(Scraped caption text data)

------------

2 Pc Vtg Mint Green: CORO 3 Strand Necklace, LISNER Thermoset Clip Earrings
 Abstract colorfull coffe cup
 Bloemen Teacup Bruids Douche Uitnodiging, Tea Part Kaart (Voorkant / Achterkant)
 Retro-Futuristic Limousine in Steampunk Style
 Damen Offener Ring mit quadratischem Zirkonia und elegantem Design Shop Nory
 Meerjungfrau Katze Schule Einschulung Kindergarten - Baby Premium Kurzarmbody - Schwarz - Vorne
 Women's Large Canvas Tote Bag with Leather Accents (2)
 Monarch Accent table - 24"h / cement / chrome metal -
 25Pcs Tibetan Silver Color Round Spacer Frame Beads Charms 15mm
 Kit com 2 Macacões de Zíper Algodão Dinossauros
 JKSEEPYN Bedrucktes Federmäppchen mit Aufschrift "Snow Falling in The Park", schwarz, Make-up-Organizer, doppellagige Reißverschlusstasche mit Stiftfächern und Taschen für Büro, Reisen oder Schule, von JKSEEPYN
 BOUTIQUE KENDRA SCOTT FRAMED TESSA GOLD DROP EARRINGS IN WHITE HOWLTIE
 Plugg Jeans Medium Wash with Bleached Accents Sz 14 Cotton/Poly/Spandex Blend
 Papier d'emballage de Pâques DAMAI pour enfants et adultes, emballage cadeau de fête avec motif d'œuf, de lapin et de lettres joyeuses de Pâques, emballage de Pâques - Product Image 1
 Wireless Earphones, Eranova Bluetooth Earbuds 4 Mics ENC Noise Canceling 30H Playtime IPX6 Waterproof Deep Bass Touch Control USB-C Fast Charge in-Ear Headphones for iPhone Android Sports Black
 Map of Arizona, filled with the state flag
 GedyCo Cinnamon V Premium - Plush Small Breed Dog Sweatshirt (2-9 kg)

------------

What this task involves
For the lines above, output exactly those from the line containing "Bloemen Teacup Bruids" through the line containing "JKSEEPYN Bedrucktes Federmäppchen", and skip the others.

Answer section
 Bloemen Teacup Bruids Douche Uitnodiging, Tea Part Kaart (Voorkant / Achterkant)
 Retro-Futuristic Limousine in Steampunk Style
 Damen Offener Ring mit quadratischem Zirkonia und elegantem Design Shop Nory
 Meerjungfrau Katze Schule Einschulung Kindergarten - Baby Premium Kurzarmbody - Schwarz - Vorne
 Women's Large Canvas Tote Bag with Leather Accents (2)
 Monarch Accent table - 24"h / cement / chrome metal -
 25Pcs Tibetan Silver Color Round Spacer Frame Beads Charms 15mm
 Kit com 2 Macacões de Zíper Algodão Dinossauros
 JKSEEPYN Bedrucktes Federmäppchen mit Aufschrift "Snow Falling in The Park", schwarz, Make-up-Organizer, doppellagige Reißverschlusstasche mit Stiftfächern und Taschen für Büro, Reisen oder Schule, von JKSEEPYN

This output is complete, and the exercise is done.